[Caption-style text data]
^^^^
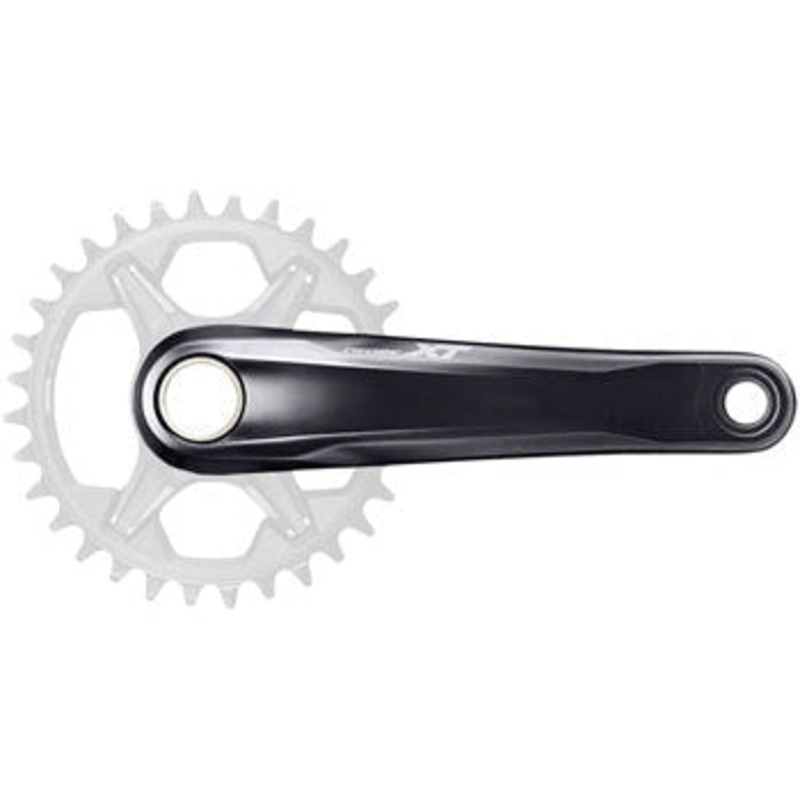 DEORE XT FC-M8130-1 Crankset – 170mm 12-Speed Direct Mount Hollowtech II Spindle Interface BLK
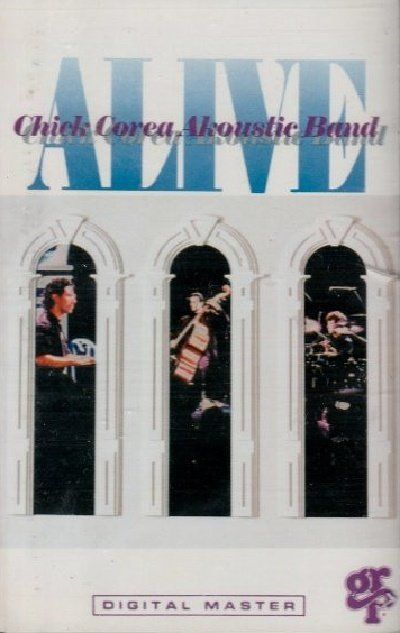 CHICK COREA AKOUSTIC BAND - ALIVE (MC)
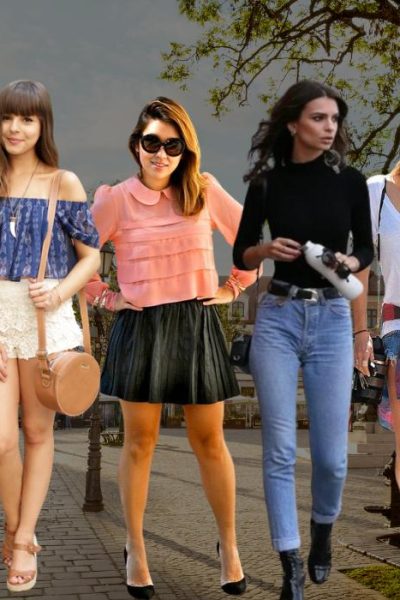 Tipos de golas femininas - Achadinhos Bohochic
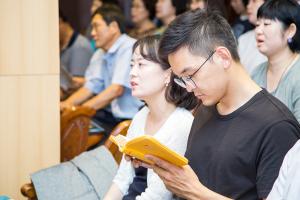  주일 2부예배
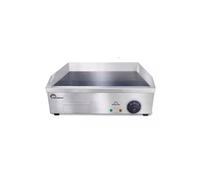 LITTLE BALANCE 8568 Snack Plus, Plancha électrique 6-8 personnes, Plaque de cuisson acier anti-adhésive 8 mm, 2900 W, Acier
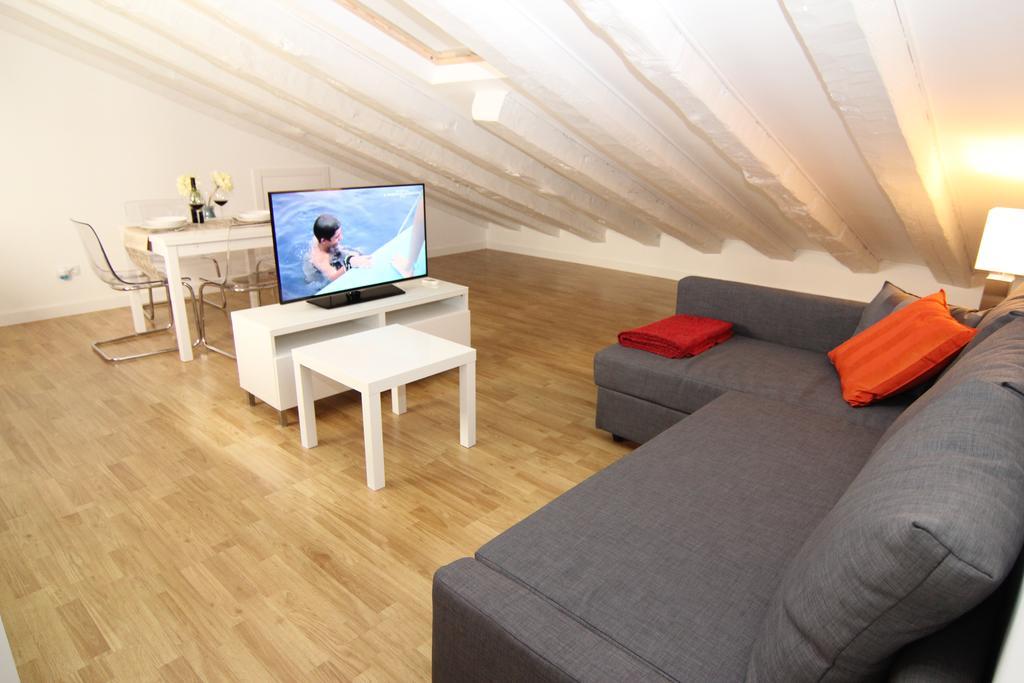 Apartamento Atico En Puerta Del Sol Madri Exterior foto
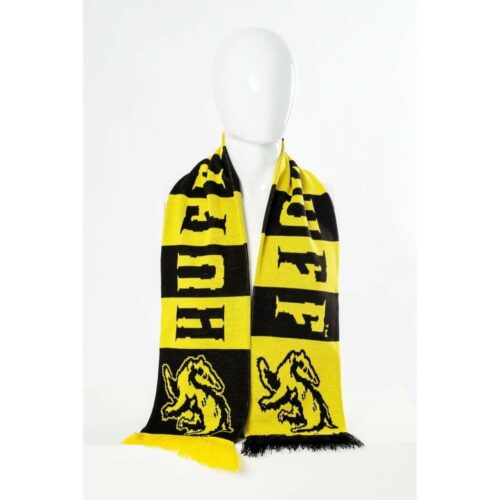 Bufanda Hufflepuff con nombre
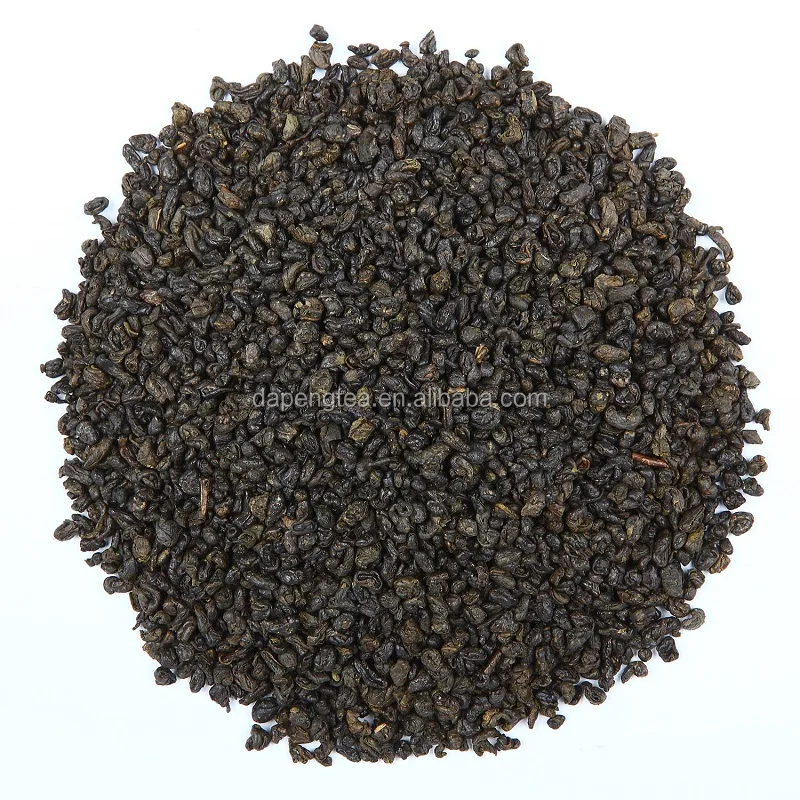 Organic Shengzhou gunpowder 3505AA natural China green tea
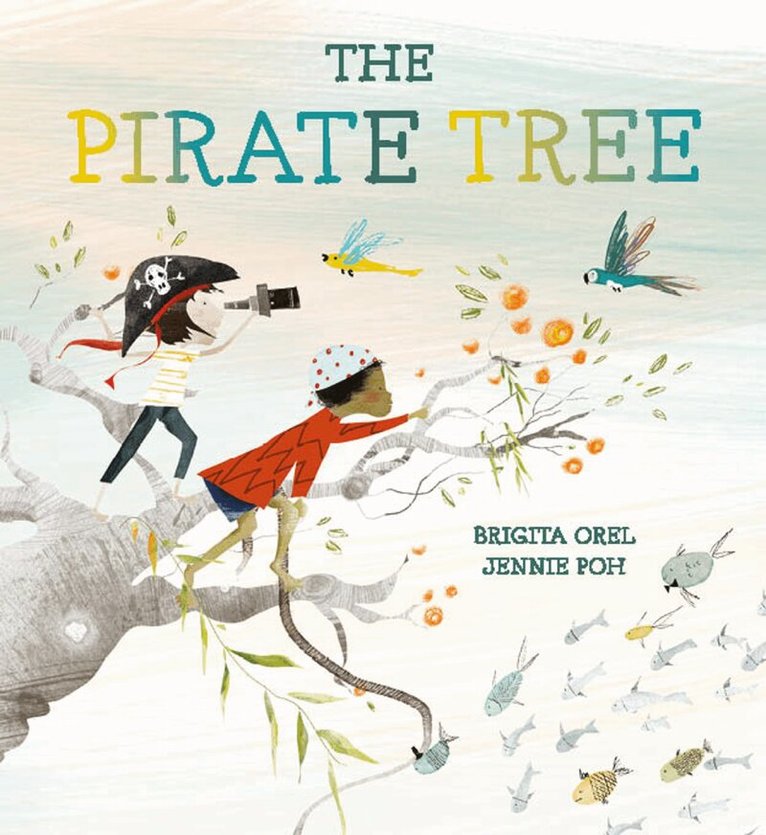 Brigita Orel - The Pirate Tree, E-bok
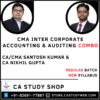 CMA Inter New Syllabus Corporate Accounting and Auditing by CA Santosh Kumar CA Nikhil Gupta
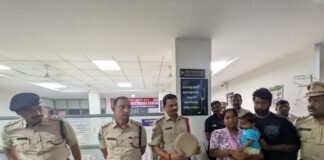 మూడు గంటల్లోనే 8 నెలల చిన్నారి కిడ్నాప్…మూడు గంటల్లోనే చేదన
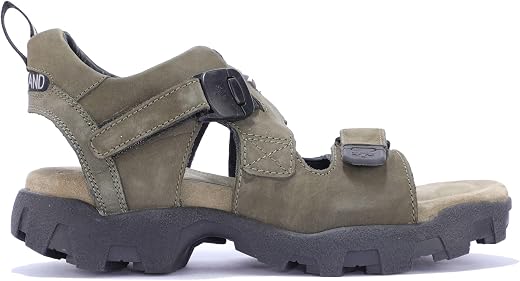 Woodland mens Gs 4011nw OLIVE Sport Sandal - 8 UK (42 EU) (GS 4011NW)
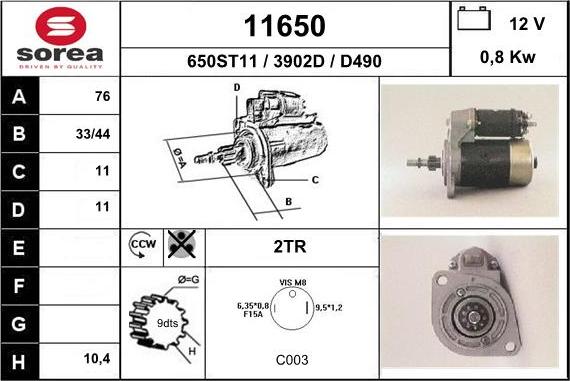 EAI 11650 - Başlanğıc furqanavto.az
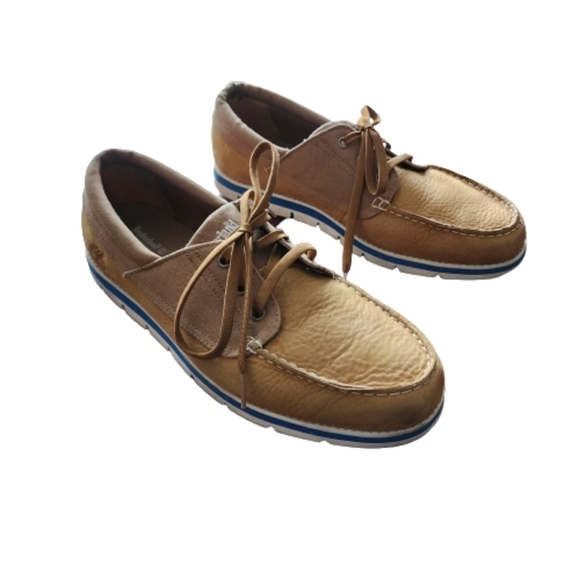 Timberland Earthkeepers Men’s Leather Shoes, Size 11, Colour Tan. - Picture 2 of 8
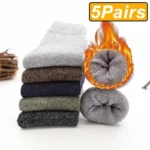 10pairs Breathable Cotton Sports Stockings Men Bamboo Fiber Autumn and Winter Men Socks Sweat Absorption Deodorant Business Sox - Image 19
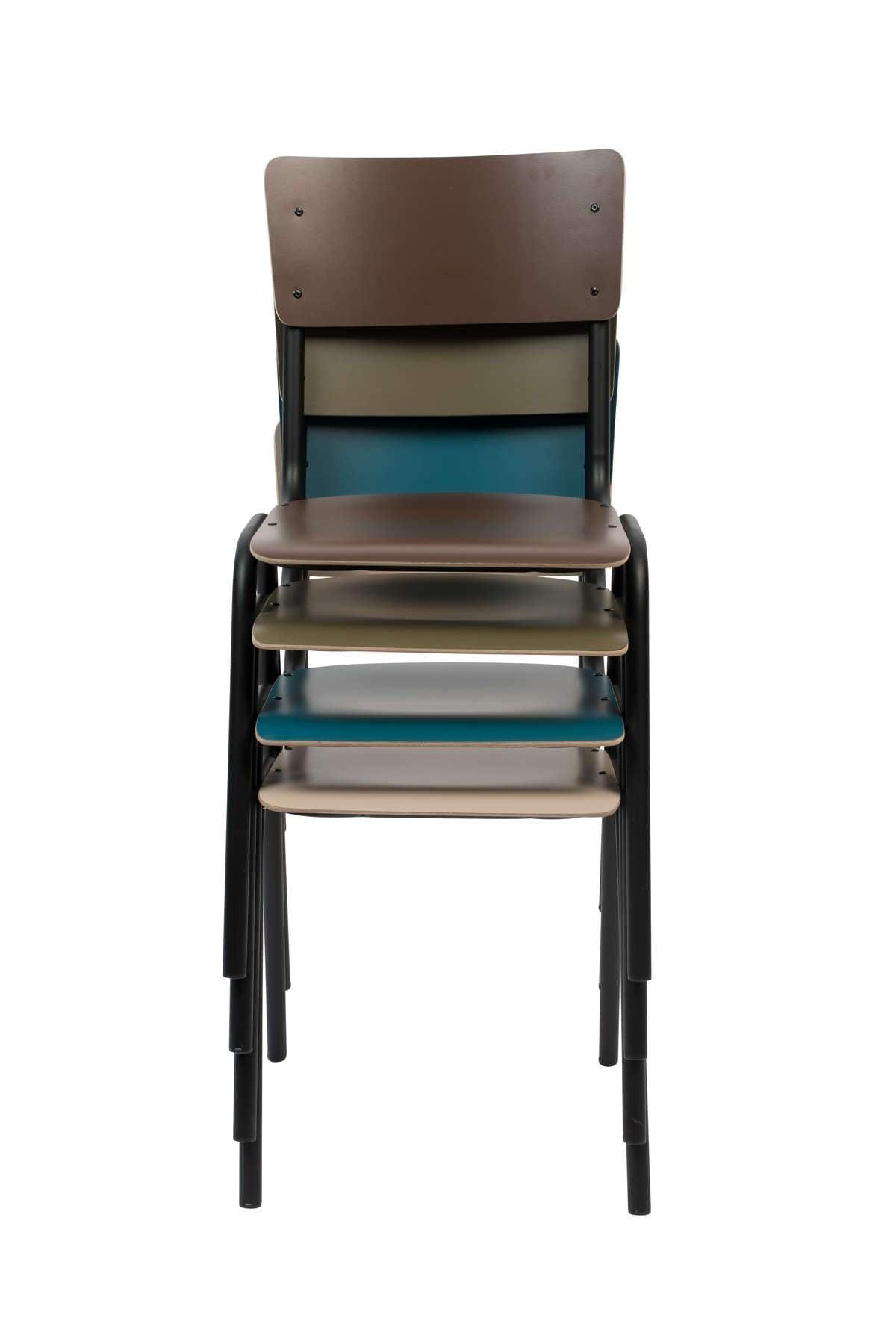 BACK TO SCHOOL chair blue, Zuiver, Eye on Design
^^^^
Requirement. The task calls for duplicating the data exactly, with no images kept.

Expected output.
 DEORE XT FC-M8130-1 Crankset – 170mm 12-Speed Direct Mount Hollowtech II Spindle Interface BLK
 CHICK COREA AKOUSTIC BAND - ALIVE (MC)
 Tipos de golas femininas - Achadinhos Bohochic
  주일 2부예배
 LITTLE BALANCE 8568 Snack Plus, Plancha électrique 6-8 personnes, Plaque de cuisson acier anti-adhésive 8 mm, 2900 W, Acier
 Apartamento Atico En Puerta Del Sol Madri Exterior foto
 Bufanda Hufflepuff con nombre
 Organic Shengzhou gunpowder 3505AA natural China green tea
 Brigita Orel - The Pirate Tree, E-bok
 CMA Inter New Syllabus Corporate Accounting and Auditing by CA Santosh Kumar CA Nikhil Gupta
 మూడు గంటల్లోనే 8 నెలల చిన్నారి కిడ్నాప్…మూడు గంటల్లోనే చేదన
 Woodland mens Gs 4011nw OLIVE Sport Sandal - 8 UK (42 EU) (GS 4011NW)
 EAI 11650 - Başlanğıc furqanavto.az
 Timberland Earthkeepers Men’s Leather Shoes, Size 11, Colour Tan. - Picture 2 of 8
 10pairs Breathable Cotton Sports Stockings Men Bamboo Fiber Autumn and Winter Men Socks Sweat Absorption Deodorant Business Sox - Image 19
 BACK TO SCHOOL chair blue, Zuiver, Eye on Design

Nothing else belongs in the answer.